II fase = (30-32gg) differenziazione tissutale in senso osteogenico del callo (i condroblasti si
differenziano in osteoblasti). Tale callo osteoide non è ancora osso ben organizzato perché non è
precipitato ancora il calcio (idrossiapatite). Tale callo si chiama callo esterno di Mc Kibbin).
III fase = termine di consolidazione. Precipitano i cristalli di idrossiapatite che conferiscono alla
struttura neoformata (callo esterno) le caratteristiche di osso.
IV fase = rimodellamento. All’Rx si vede una piccola bozza che scompare in circa 3 mesi per un
processo di rimodellamento che segue la legge di Wolfe.

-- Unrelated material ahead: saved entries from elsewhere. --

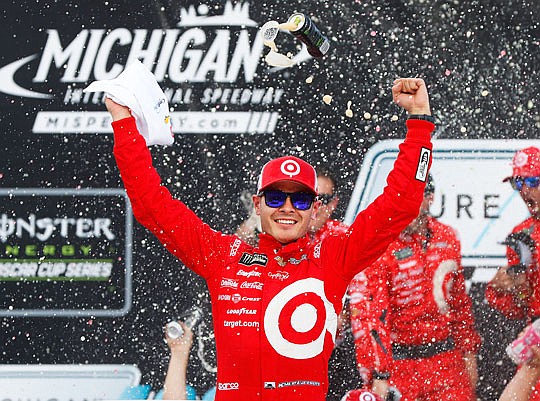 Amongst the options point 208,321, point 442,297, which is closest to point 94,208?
point 208,321

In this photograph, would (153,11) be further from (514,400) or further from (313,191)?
(514,400)

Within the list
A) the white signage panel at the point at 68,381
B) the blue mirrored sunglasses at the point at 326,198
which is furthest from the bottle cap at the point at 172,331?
the blue mirrored sunglasses at the point at 326,198

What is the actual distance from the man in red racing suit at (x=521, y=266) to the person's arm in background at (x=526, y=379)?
0.23 feet

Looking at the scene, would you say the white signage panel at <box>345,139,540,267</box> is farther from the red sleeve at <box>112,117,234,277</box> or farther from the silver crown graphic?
the red sleeve at <box>112,117,234,277</box>

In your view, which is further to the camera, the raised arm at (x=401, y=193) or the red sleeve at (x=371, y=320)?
the red sleeve at (x=371, y=320)

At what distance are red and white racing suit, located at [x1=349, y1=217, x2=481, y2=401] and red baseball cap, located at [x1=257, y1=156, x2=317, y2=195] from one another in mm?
1898

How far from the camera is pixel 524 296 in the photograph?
5.15 m

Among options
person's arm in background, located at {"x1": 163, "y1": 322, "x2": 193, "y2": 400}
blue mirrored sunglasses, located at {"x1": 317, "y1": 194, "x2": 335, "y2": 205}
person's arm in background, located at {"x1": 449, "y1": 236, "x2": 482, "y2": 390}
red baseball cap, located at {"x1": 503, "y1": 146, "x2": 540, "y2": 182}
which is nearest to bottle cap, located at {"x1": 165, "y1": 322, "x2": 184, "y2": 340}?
person's arm in background, located at {"x1": 163, "y1": 322, "x2": 193, "y2": 400}

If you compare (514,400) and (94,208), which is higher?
(94,208)

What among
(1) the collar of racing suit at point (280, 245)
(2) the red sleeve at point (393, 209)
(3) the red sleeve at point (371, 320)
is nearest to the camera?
(2) the red sleeve at point (393, 209)

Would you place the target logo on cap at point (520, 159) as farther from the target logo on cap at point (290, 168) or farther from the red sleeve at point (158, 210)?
the red sleeve at point (158, 210)

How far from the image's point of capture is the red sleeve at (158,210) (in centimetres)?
312

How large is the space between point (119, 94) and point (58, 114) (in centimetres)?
211

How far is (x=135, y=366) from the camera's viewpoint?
5133 mm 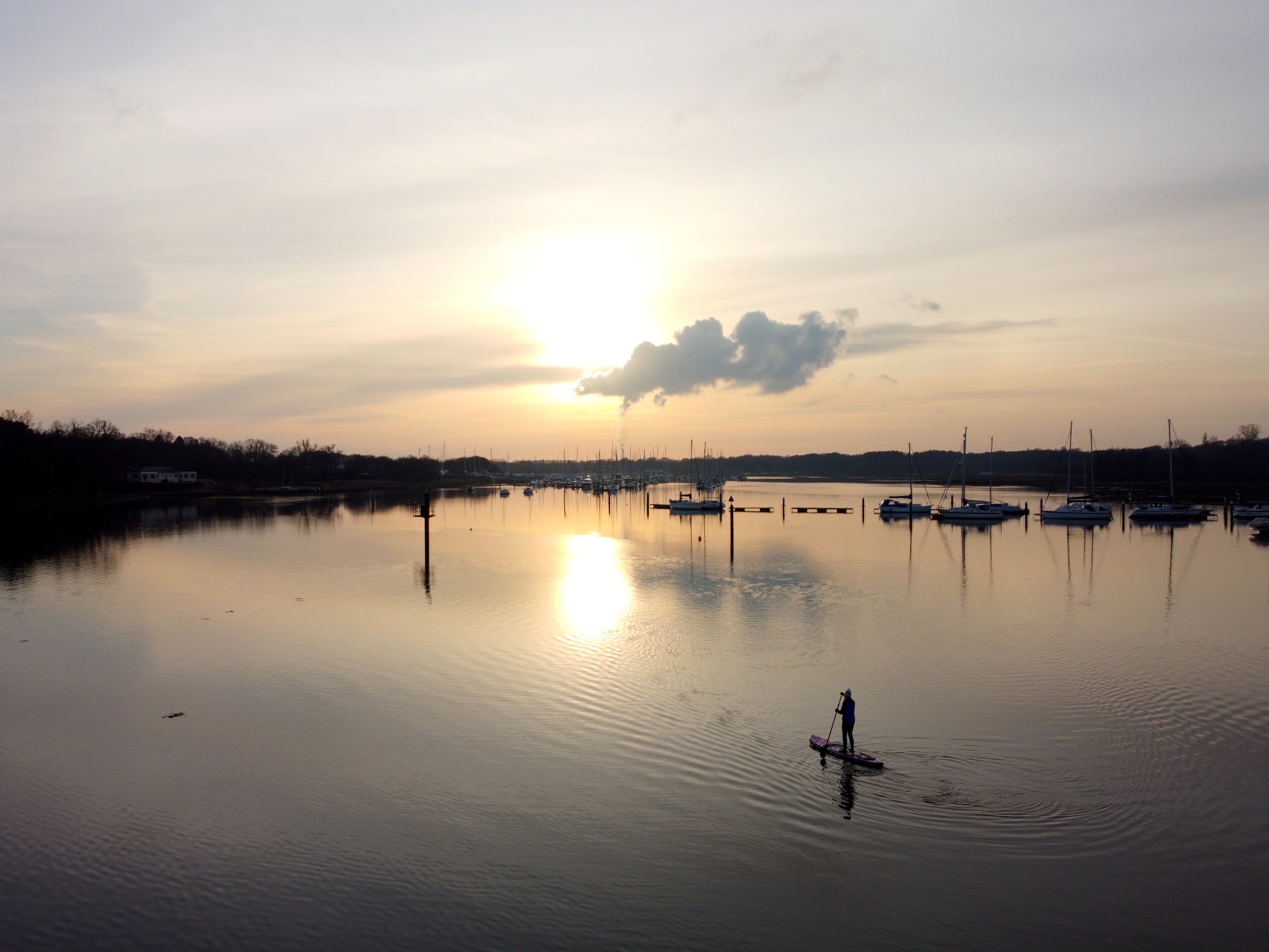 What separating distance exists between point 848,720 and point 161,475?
5326 inches

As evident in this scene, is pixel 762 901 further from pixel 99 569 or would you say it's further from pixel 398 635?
pixel 99 569

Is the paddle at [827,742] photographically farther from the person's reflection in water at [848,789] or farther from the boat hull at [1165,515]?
the boat hull at [1165,515]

La legge di Wolfe dice che: dove vi è sollecitazione aumenta la parte ossea, se invece non c’è
sollecitazione, diminuisce la parte ossea.
Il callo è in grado di contenere e stabilizzare il focolaio di frattura in diversi modi:
- consolidazione naturale = l’osso si è riunito ed ha stabilito la contiguità iniziale,
- consolidazione viziosa = l’osso si è riunito ma non ha stabilito la contiguità iniziale, perchè i
monconi, mentre vi è il processo di guarigione, si spostano e il callo fibroso non diventa callo
esterno ma formerà una deformazione perché non vi è continuità anatomica.
- pseudoartrosi = frattura che non consolida e che non può consolidare naturalmente. Il termine
deriva dal greco “false articolazioni”, c’è in tal caso ancora il movimento fra i due frammenti ossei
e lo spazio fra questi è riempito da tessuto fibroso. Se la frattura è ridotta e immobilizzata, il
processo di consolidazione va avanti, ma se la frattura viene ridotta e non c’è stata una buona
immobilazione avremo lo spostamento e la mobilità del segmento di frattura. Tale movimento fa
regredire il callo con tutti i suoi elementi. La IV fase avviene sempre anche se non ci sono fratture.
Fattori influenzanti la formazione del callo iniziale
- Influenze meccaniche = cioè se la frattura non viene ridotta o ben immobilizzata,
- Influenze umorali = carenze bioumorali,
- Fattori anatomici:
• Nella sede = per esempio l’astragalo non ha inserzioni muscolari ma su esso si inseriscono solo
capsula e legamenti, di conseguenza questo non riceve sangue se non dalle inserzioni della
capsula che lo avvolge. In questo osso non si avrà mai formazione dell’ematoma di frattura.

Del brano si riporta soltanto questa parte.